(Stored entries)
# # # # # # #

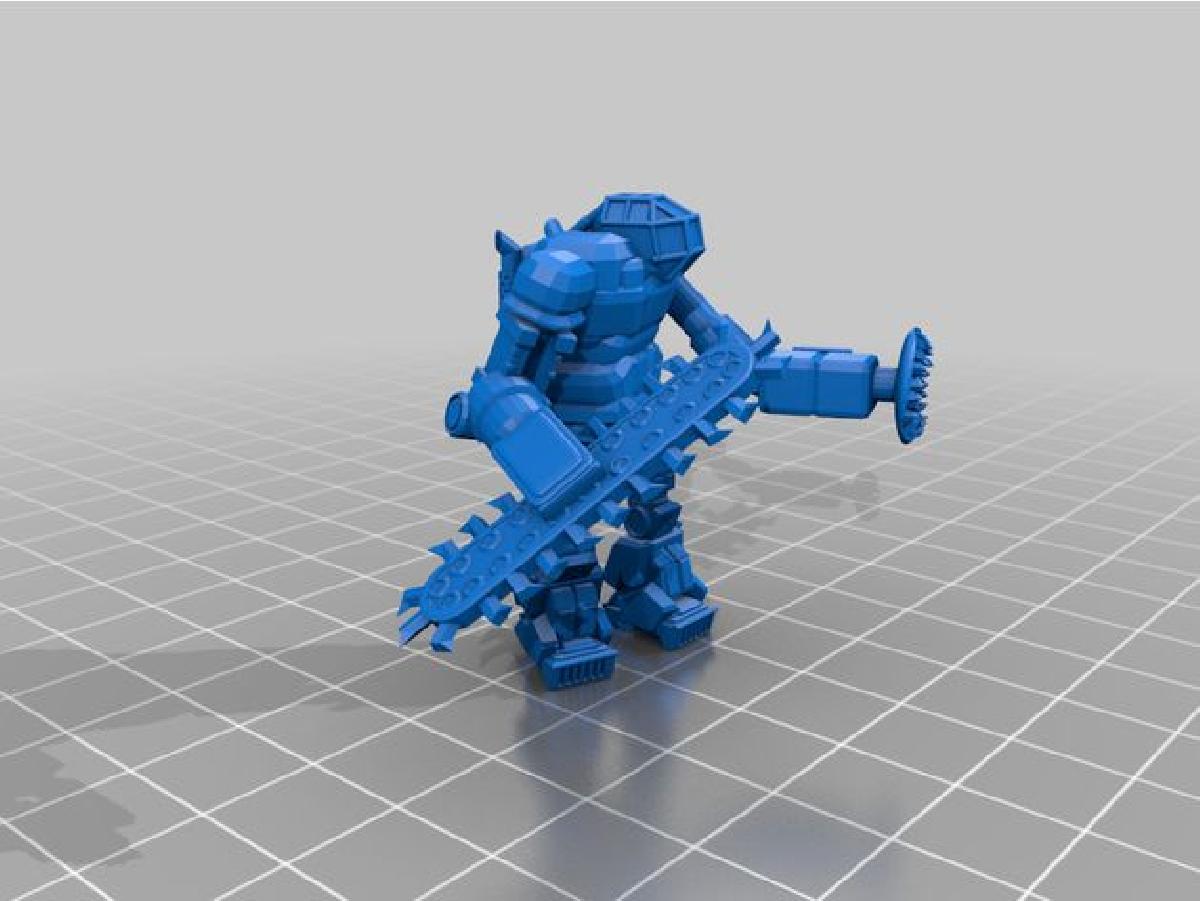 Nao sao meus Mechs Industriais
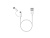 Кабель Mi 2-in-1 USB Cable Micro-USB to Type C 30см SJX02ZM (SJV4083TY)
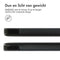imoshion iPad Pro 12.9 (2017) - Trifold Bookcase - Kunstleer - Zwart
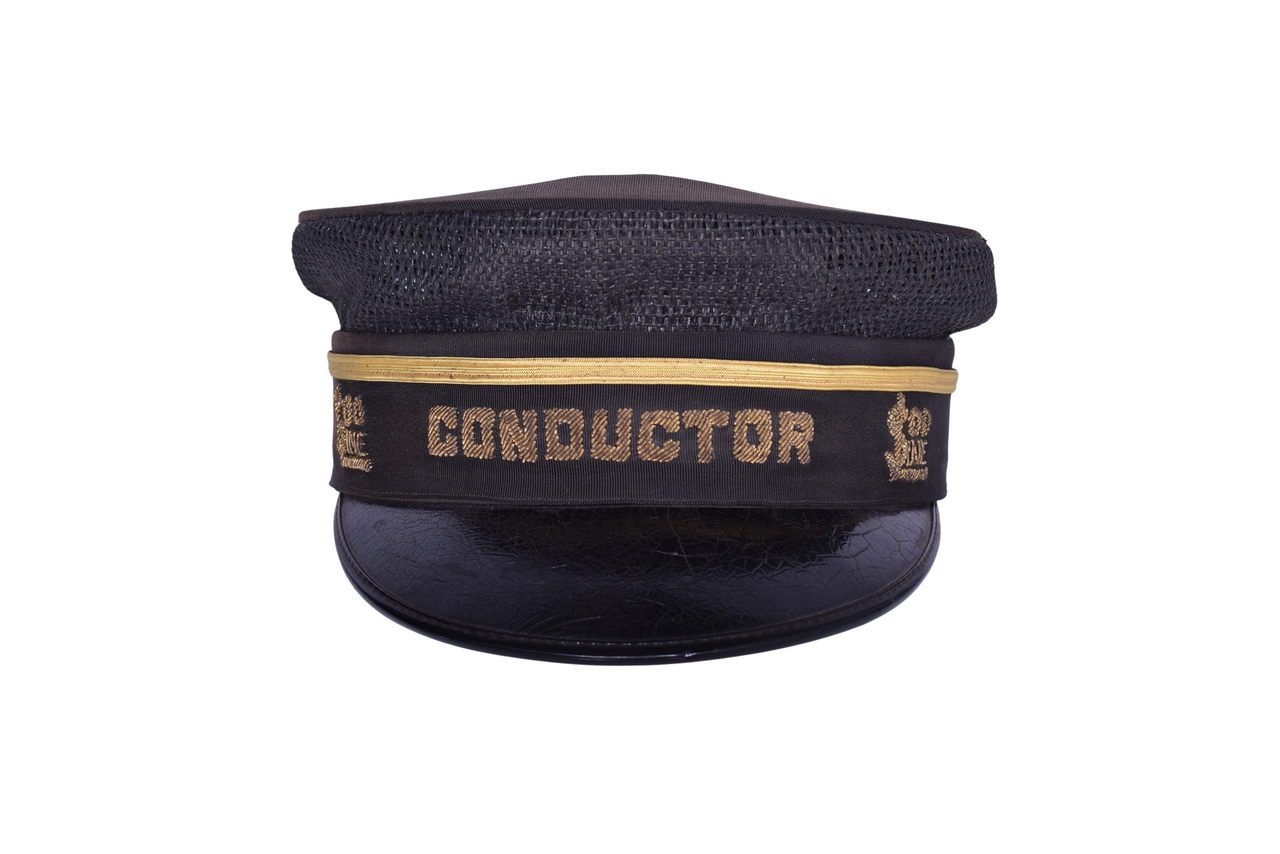 1309 - Soo Line Railroad Conductor Cap / Hat by Carlson & Company thumbnail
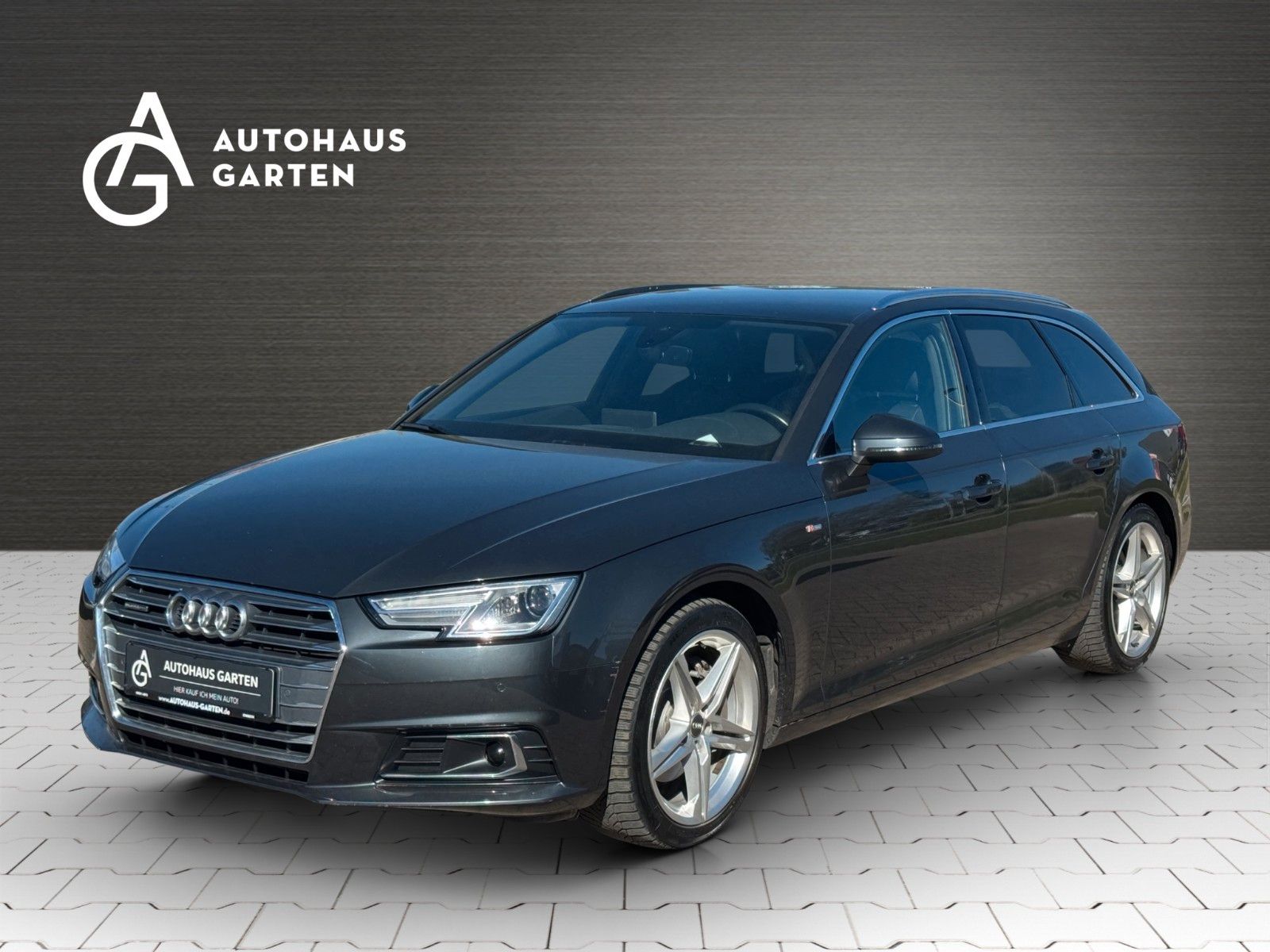 AUDI A4 Avant 2,0 TDI quattro S-Line Xenon  PDC Navi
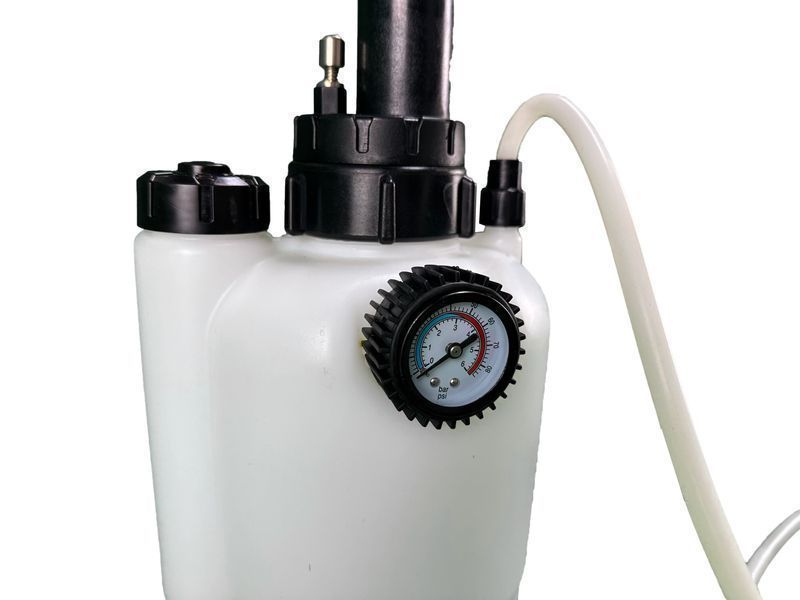 Система за обезвъздушаване и смяна на спирачна течност 3 л gebo tools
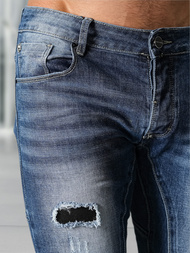 Pánské Džíny Modré OZONEE NB/MP0050BZ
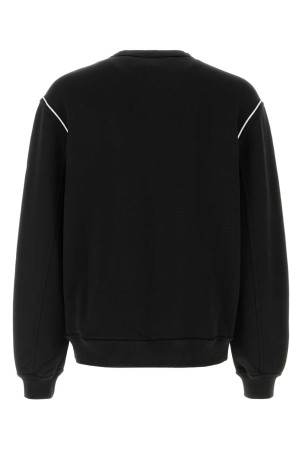 Black cotton sweatshirt KENZO (FG55SW5074MJ)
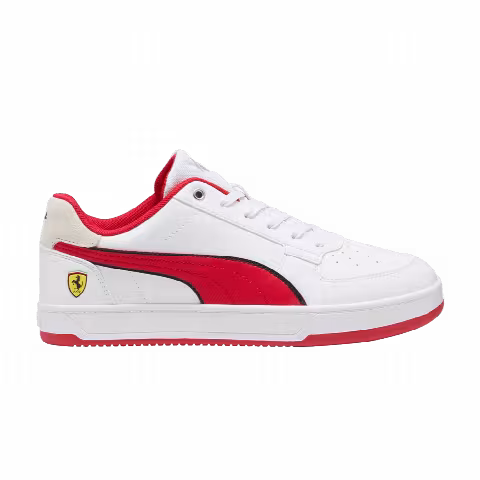 Scuderia Ferrari x Puma Caven 2.0 'White Rosso Corsa'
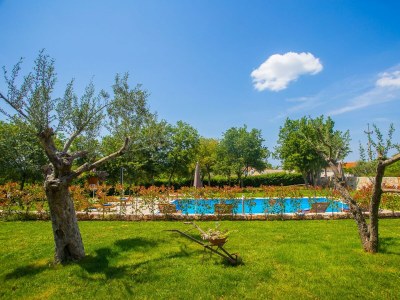 Apartment House Ema - Apartment Jakici No.1 with Pool View - Outdoor photo 11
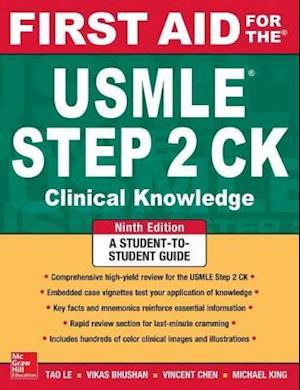 First Aid for the USMLE Step 2 CK, Ninth Edition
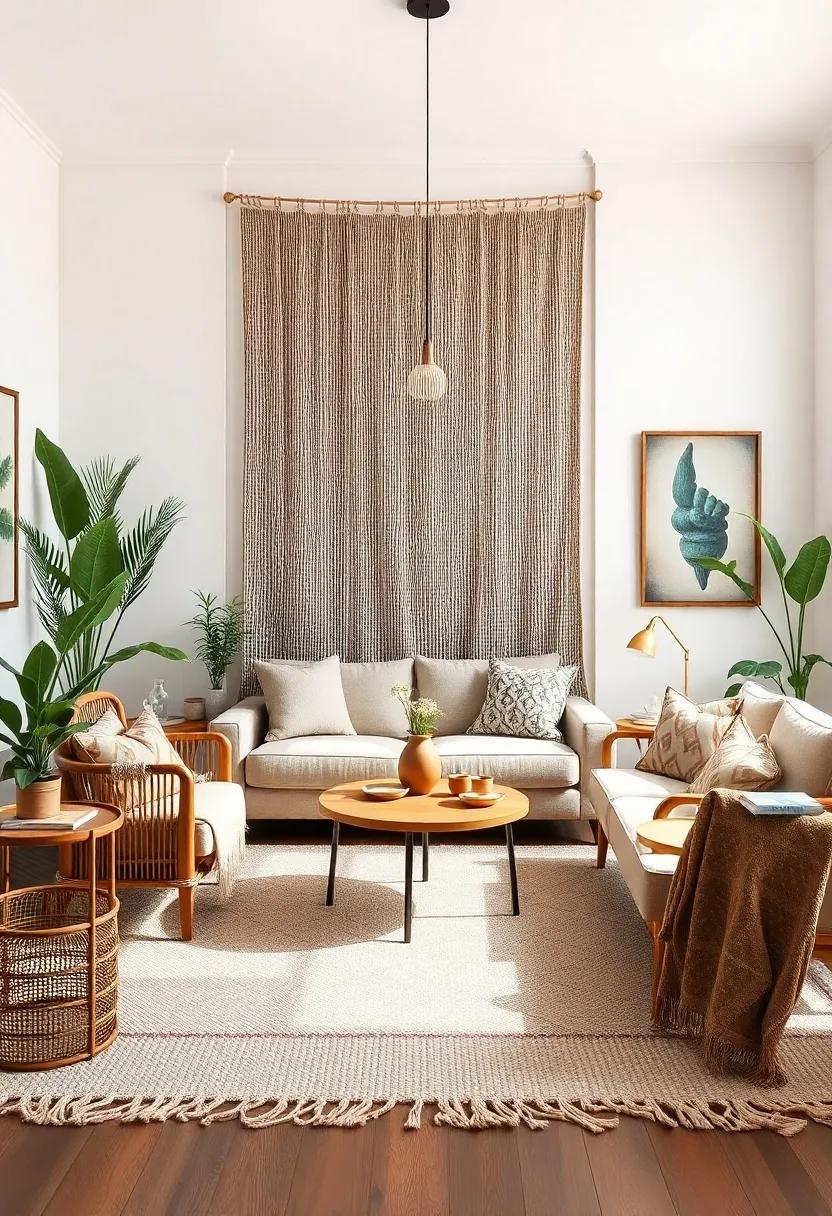 Furniture Selection: Choosing Pieces that Reflect Boho Eclectic Style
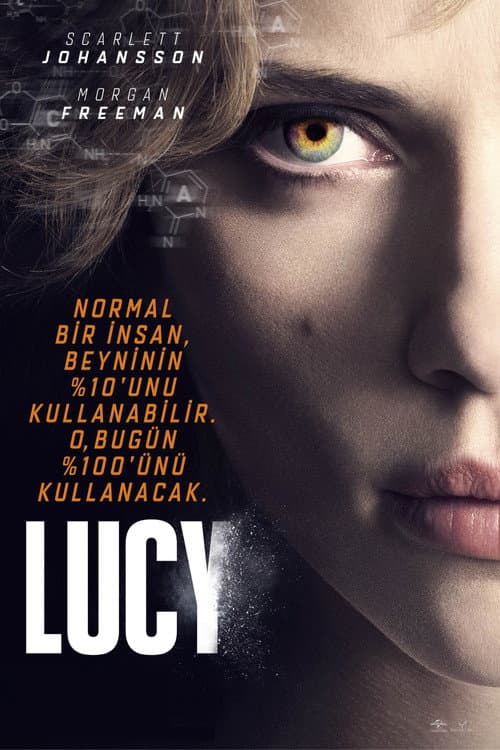 Lucy (2014) kapak görseli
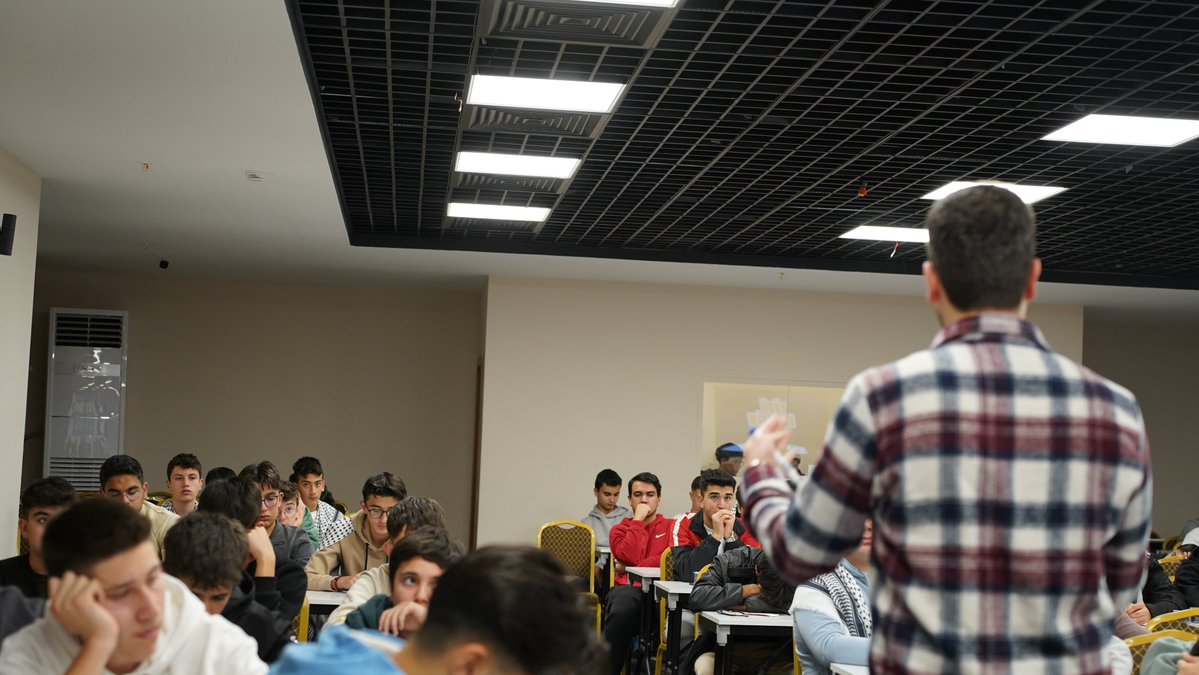 ☪ OKUL BAŞKANLARI EĞİTİM KAMPI | KUDÜS GRUBU

🔻 Eğitim | Teşkilat Modelimiz

#BizSevdalıyız #FetihNesli #YollarSenindir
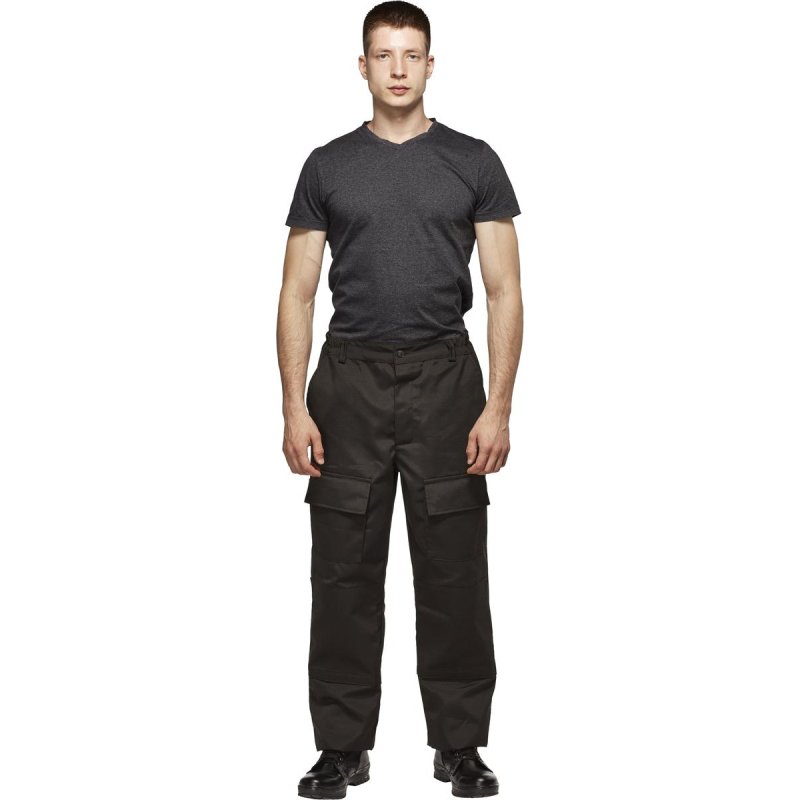 Костюм охранника ло32-КБР черный (52-54) 170-176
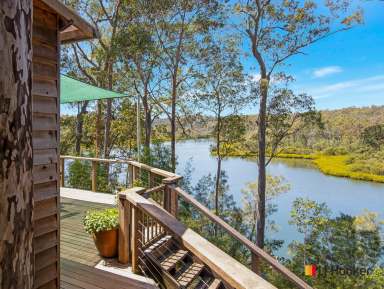 Farm For Sale - NSW - Benandarah - 2536 - MOOR YOUR BOAT AT THE BACK DOOR !  (Image 2)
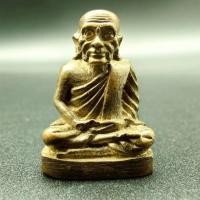 ราคา รูปหล่อหลวงพ่อเงิน รุ่นหน้าแก่ วัดบางคลาน จ.พิจิตร ปี 2540 (55701512339)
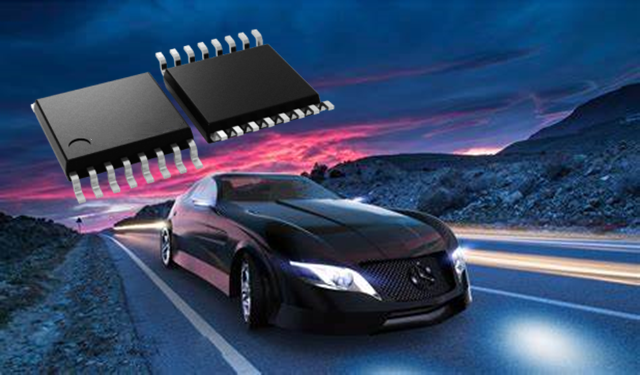 Texas Instruments LDC5071EPWRQ1 Автомобильный индуктивный датчик положения AFE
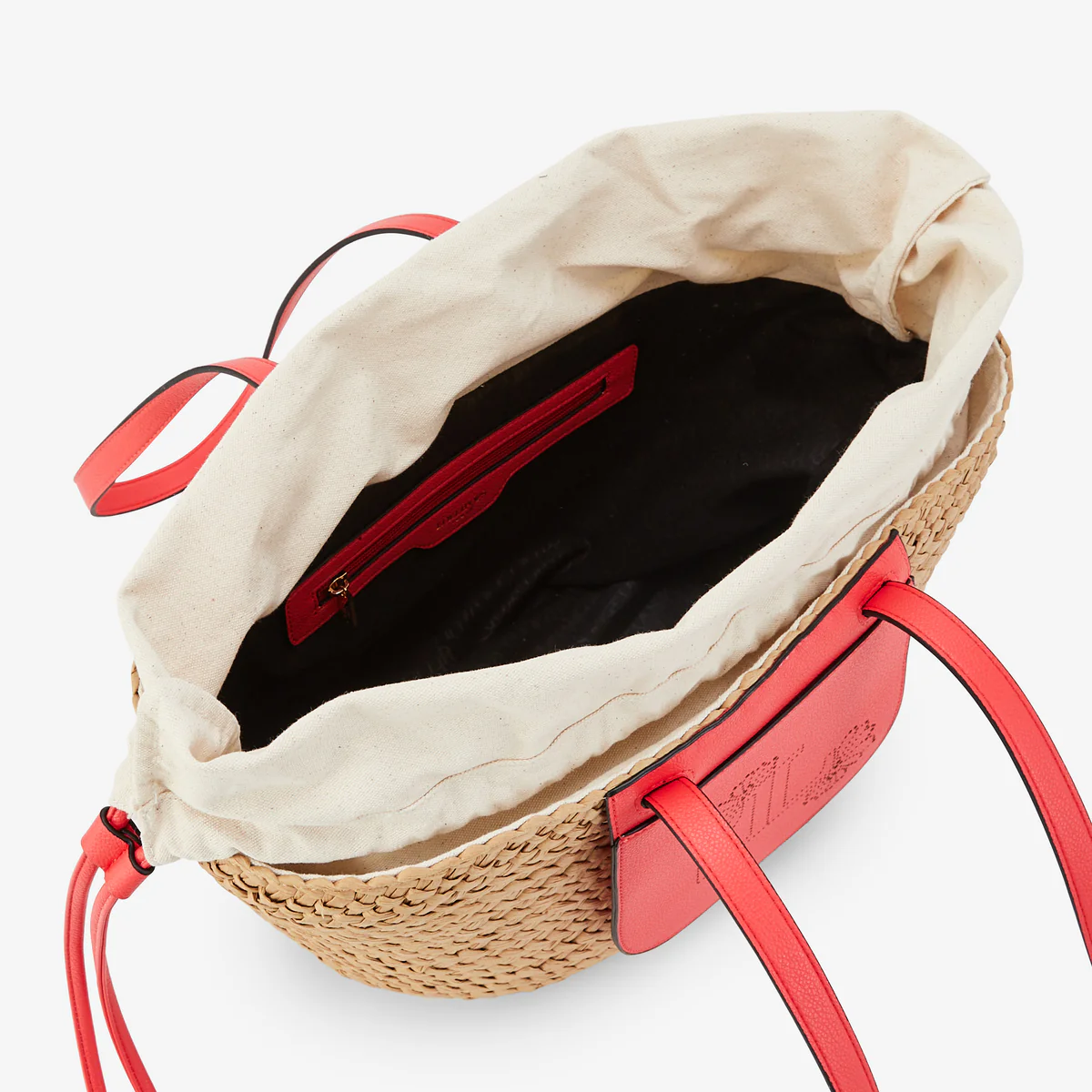 Grand panier corail Poldie - Image 5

# # # # # # #

# EXERCISE BRIEF
Please reproduce the entries above exactly, from their first line to the line holding "Scuderia Ferrari x" inclusive, and nothing else; the pictures stay out.

# YOUR SOLUTION
 Nao sao meus Mechs Industriais
 Кабель Mi 2-in-1 USB Cable Micro-USB to Type C 30см SJX02ZM (SJV4083TY)
imoshion iPad Pro 12.9 (2017) - Trifold Bookcase - Kunstleer - Zwart
 1309 - Soo Line Railroad Conductor Cap / Hat by Carlson & Company thumbnail
 AUDI A4 Avant 2,0 TDI quattro S-Line Xenon  PDC Navi
 Система за обезвъздушаване и смяна на спирачна течност 3 л gebo tools
 Pánské Džíny Modré OZONEE NB/MP0050BZ
 Black cotton sweatshirt KENZO (FG55SW5074MJ)
 Scuderia Ferrari x Puma Caven 2.0 'White Rosso Corsa'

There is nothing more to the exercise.